Shortwave operators communicate via a moving satellite. Most of those reached last weekend were located in the continental US and Canada. Glorioso mentioned that one station “almost” connected with some hams in Alaska and Hawai’i Saturday, but this year’s conditions were not as favorable as in some past tests. Members attributed that to various conditions, such as sunspot activity, that can interfere with satellite communications.
Still, as the weekend’s test showed, shortwave can hang on in most conditions, with Glorioso reporting about 700 hams contacted during the testing period.
The Shortwave Solution
It is shortwave’s ability to keep going when more sophisticated communications methods break down, that draws such stalwart enthusiasts, Glorioso said.
Given that ham operators are usually called on when commercial power is down, the weekend’s test conditions were designed to mimic emergency conditions as much as possible. Equipment was run only on batteries, and on very low frequencies of 5 watts or less. Glorioso mentioned, “When the power goes out, cell towers only have a 24-hour life.” The Concord test group was recharging its batteries with portable, fold-up solar panels, providing endless power to the equipment. (Some models also have built-in ability to run on solar power, or with a hand crank, and cost as little as $50.)
The most recent public example of hams stepping in was the Boston Marathon bombing, when cell reception was cut off briefly after the explosions. Ham radio operators were walking the route, keeping communication going, he said.

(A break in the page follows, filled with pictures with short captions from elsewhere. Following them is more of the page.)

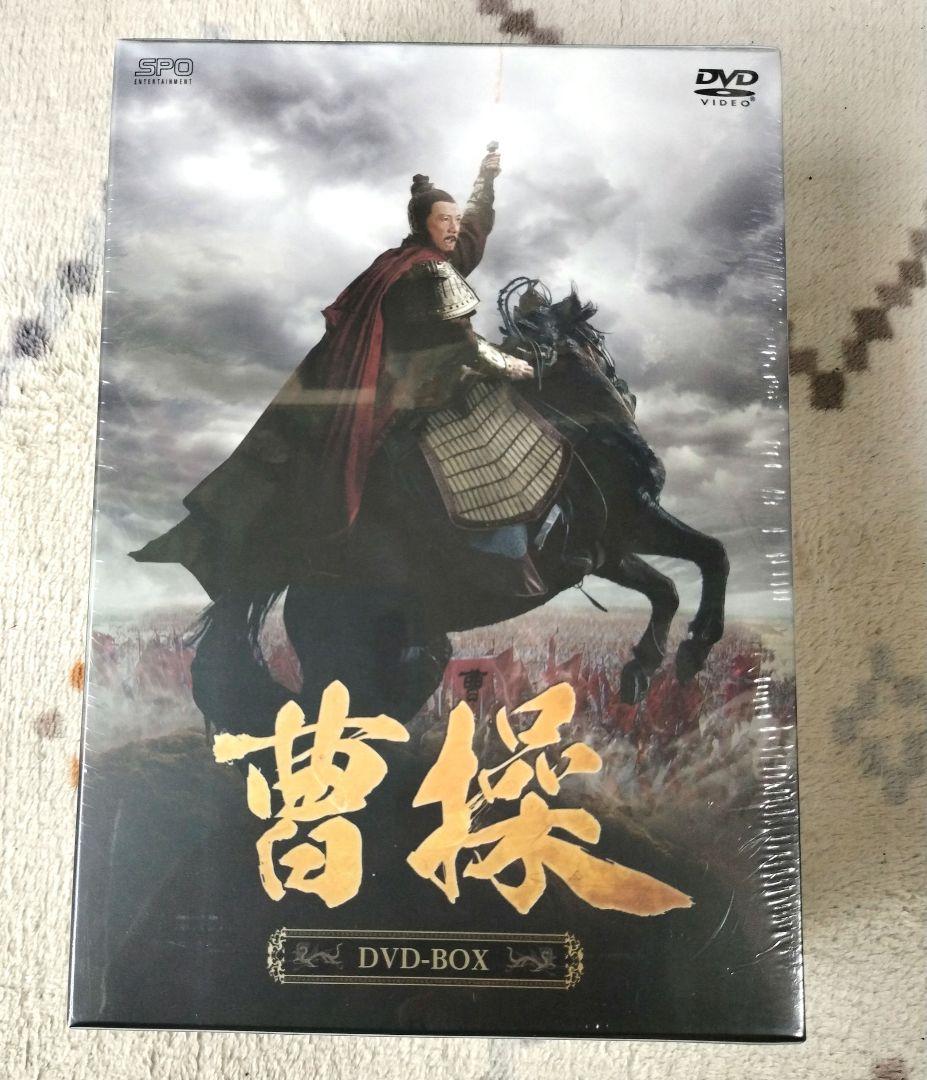 曹操 DVD-BOX 新品未開封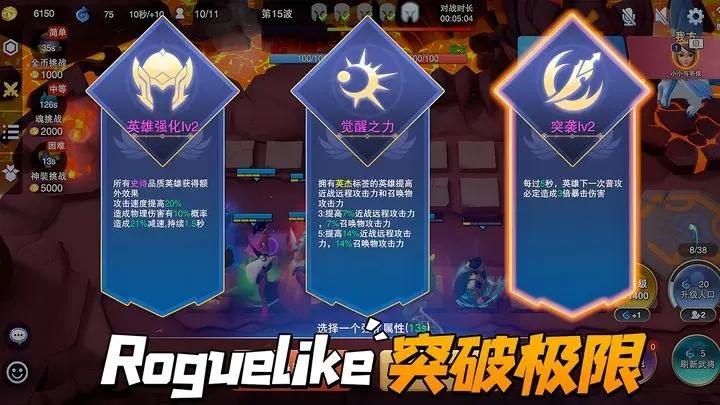 
                        守塔不能停                    截图0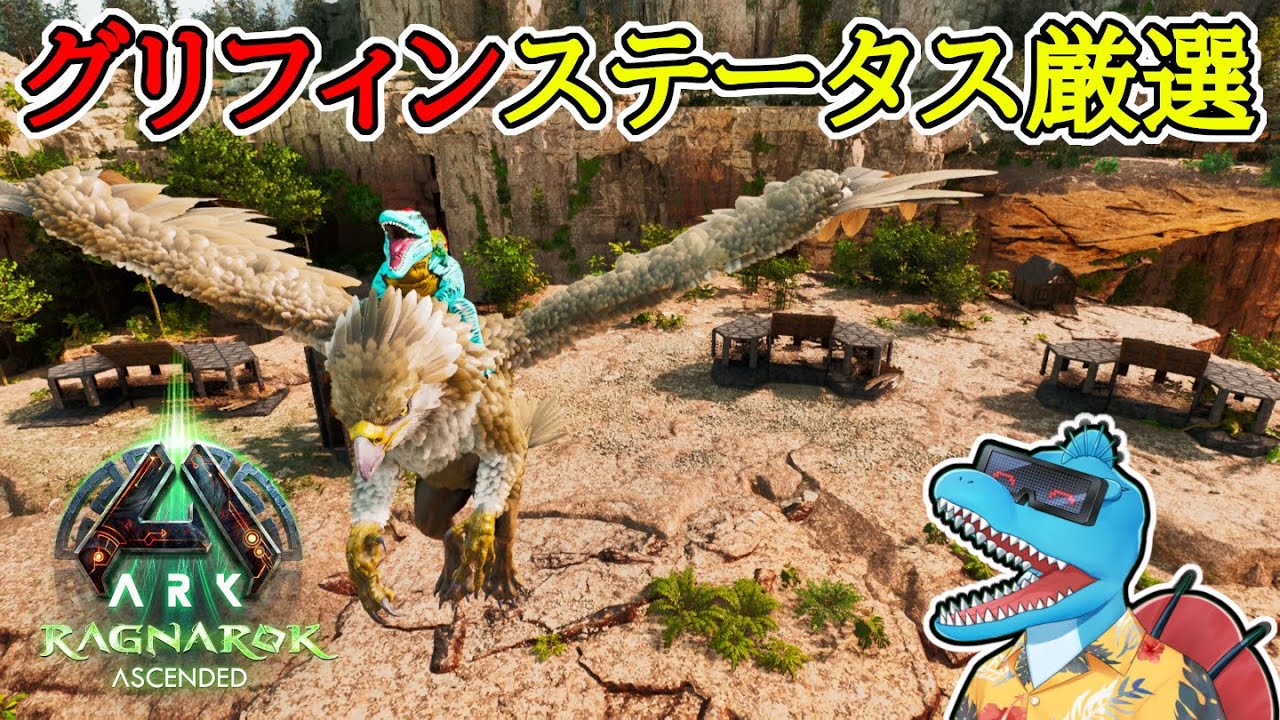 グリフィンガチ厳選！高レベル50体以上乱獲した結果がコチラ！【ARK:Survival Ascended ラグナロク牧場建築 #10】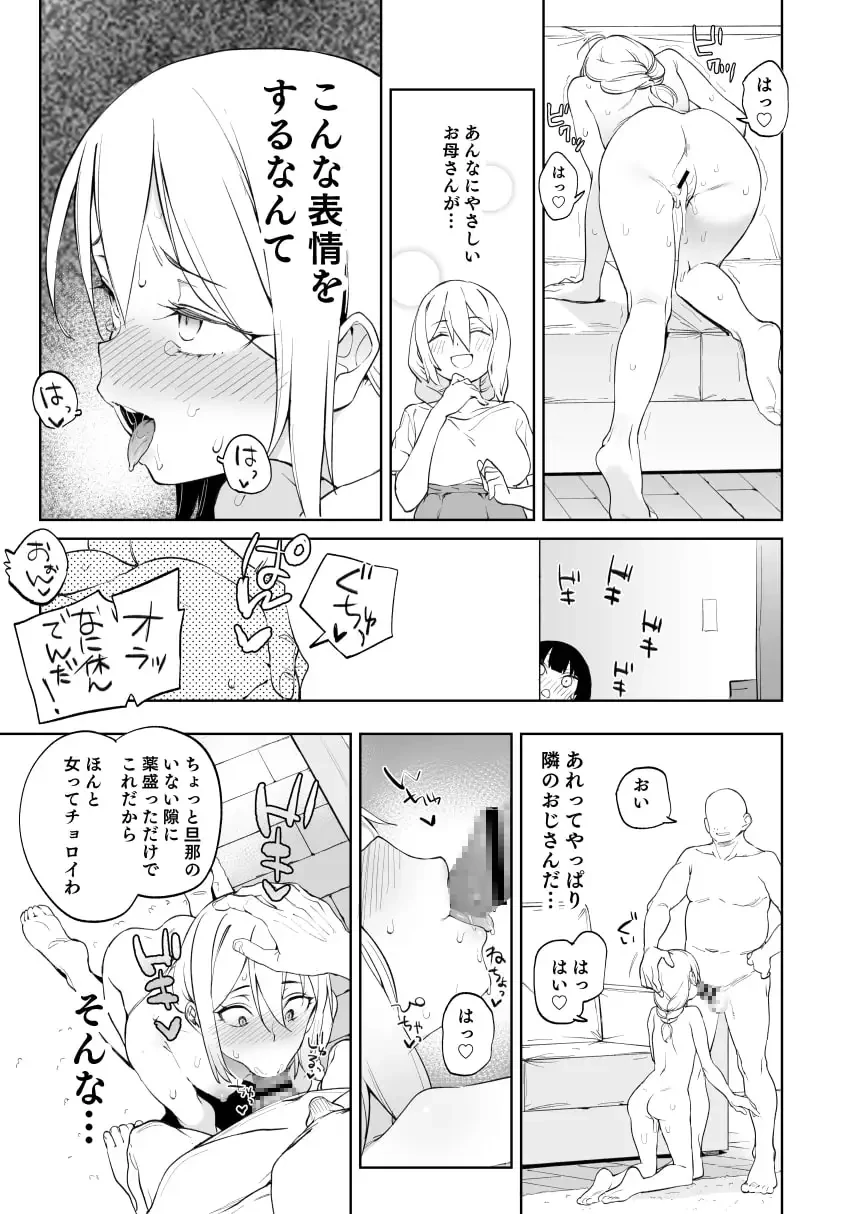 チンポのでかさでしか男の価値が分からなくなった「雌穴」[飯食って寝る。] - PAGE 006
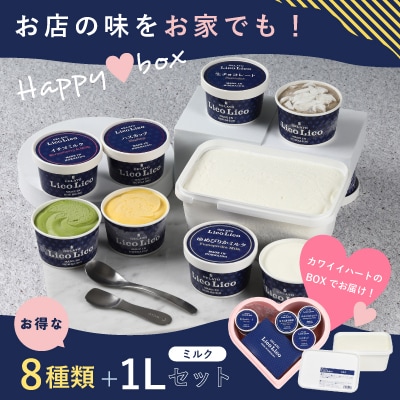 HAPPY BOX  LicoLicoジェラートミルク1L&8種×1個セット【56001101】
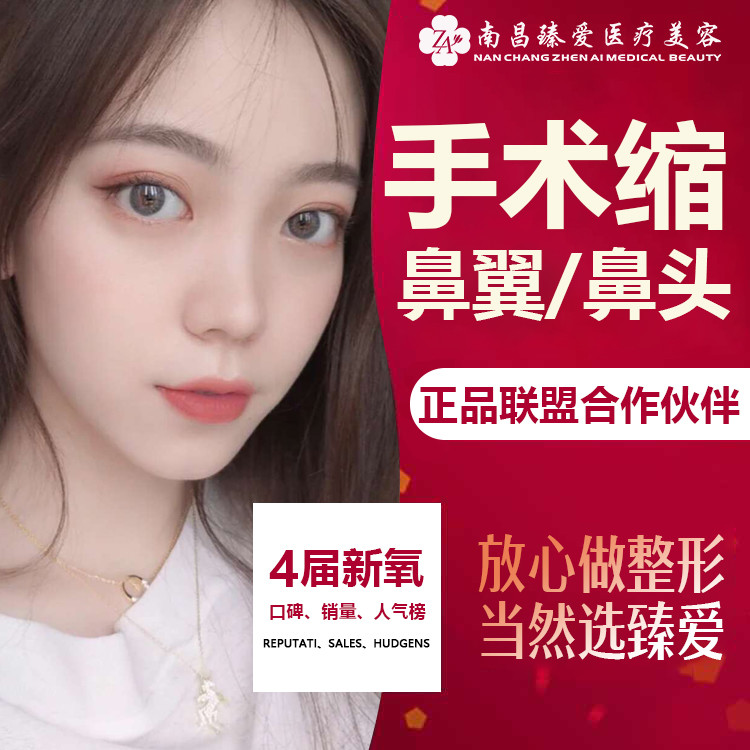 鼻翼缩小一般价格_缩小鼻翼手术效果_单纯缩小鼻翼大概需要多少钱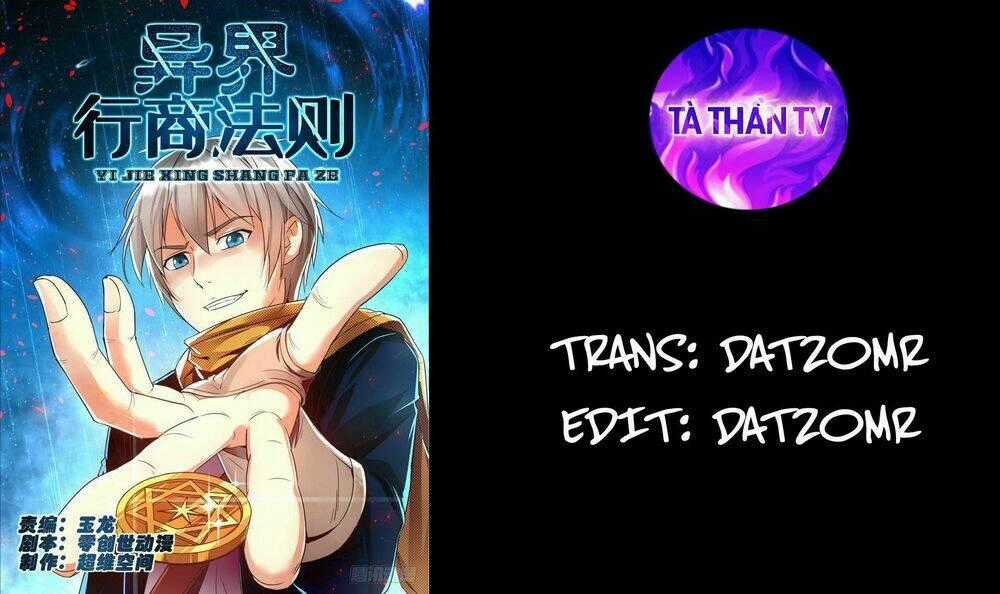 Thương Nhân Tại Dị Thế Giới Chapter 1 trang 0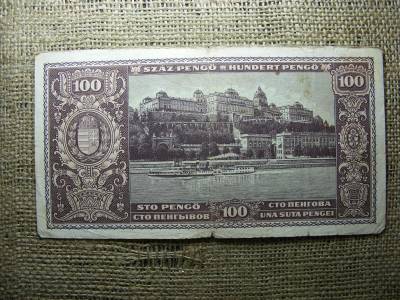 100 pengő, 1945, hibás nyomtatás, makkos vízjel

Another local situation Glorioso and other hams pointed to that shortwave was well designed to handle was the 2009 ice storm, when some communities lost power for days.
Aside from emergencies, amateur radio technology provides some vital uses. One Police Amateur Radio Team members described how his wife — a fellow ham — used Morse Code to communicate with her father when he contracted ALS, lost his voice, yet refused to move out of his home in another state.
Stow has its own community of about a dozen known ham operators, Glorioso estimated. He lauded Stow for its support of these operators, with the town allowing hams to hook into the fire station tower. “[Fire] Chief McLaughlin understands that, when there’s no power, they call us,” Glorioso remarked. Stow hams gather at the fire station for an emergency drill on the third Tuesday of every month, he added.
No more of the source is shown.